Exilic and Influential: Church and Society in a Pluralistic Age

The American Experiment continues as a beacon of freedom in a world where billions live under oppression. Our founders and framers made many mistakes (especially retaining slavery and failing to start the road to emancipation, among others.). As the Bill of Rights was presented, the first sixteen words of the First Amendment changed history: “Congress shall make no law respecting an establishment of religion, or prohibiting the free exercise thereof…” For the first time among modern nations, there is no state religion and the federal government cannot interfere in freedom of conscience or faith. This is NOT a prohibition of religious influences in politics or public speech. The “wall of separation” Jefferson affirmed in later writings was protection for religious communities, not divorcing faith from society.

The Church (and other religious communities) have enjoyed much favor for over two centuries. In the last half-century, secularizing forces have sought to limit Christian influences from public institutions. Christians have felt marginalized and persecuted as the civil consensus has devolved from universal affirmations of reverence of God and moral absolutes to a fragmented, pluralistic competition among narratives and “truths.” Many academic and political elites view Christianity as belonging in the rearview mirror of history.

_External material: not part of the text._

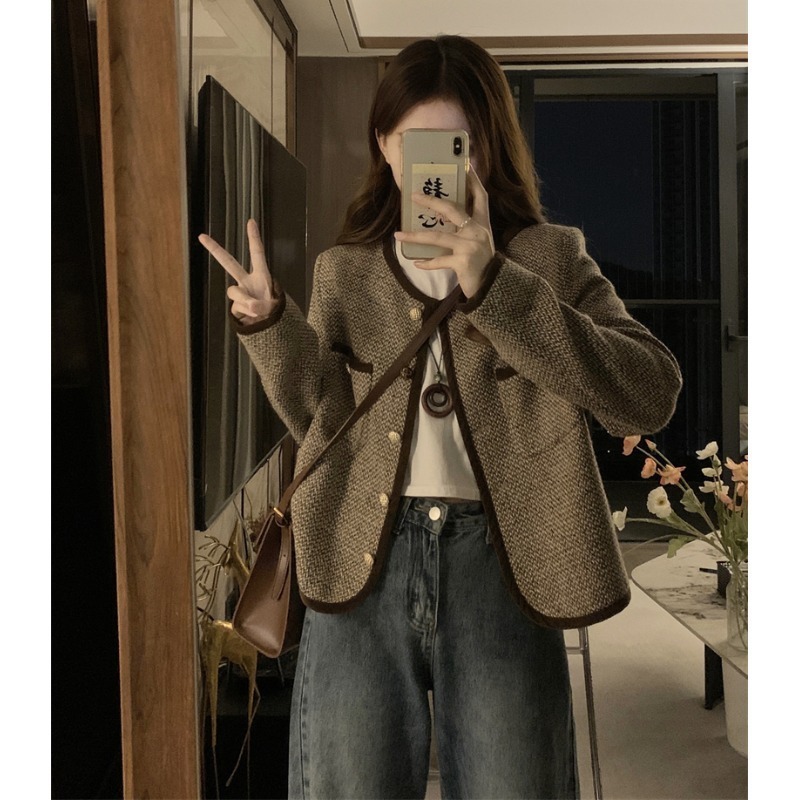 Plus Size Slimming Single-breasted Color Contrast Short Coat - Image 5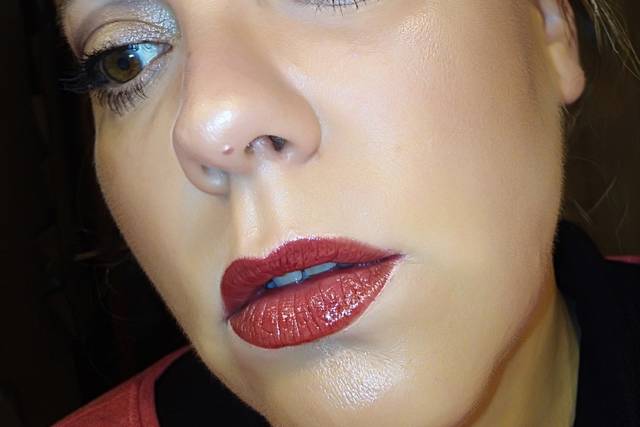 Eyeliner y labio rojo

Biblical believers in America and the West find themselves in a similar place to the Jews who were exiles in Babylon in the 6th century BC, and later established small enclaves in Judea and throughout the Mediterranean world under multiple empires. Although limited in direct political power, Jewish communities and leaders exercised significant influence in economic, political, and social circles for centuries. The stories of Daniel, Esther, Ezra, and Nehemiah, along with historical narratives outside the Bible all affirm these positive influences.

This current moment offers the opportunity for the Church to be a different voice than the polarized political powers or the amoral and anarchistic cultural “influencers.” Though we have less direct influence, the commissioned and empowered members of local churches can be “salt and light” in their arenas of work and play, influence and service. Just as the Jews were purified from their idolatry through divine judgment, perhaps this moment will help Christian believers recover the depth and breadth of God’s kingdom and become effective witnesses in deed and word.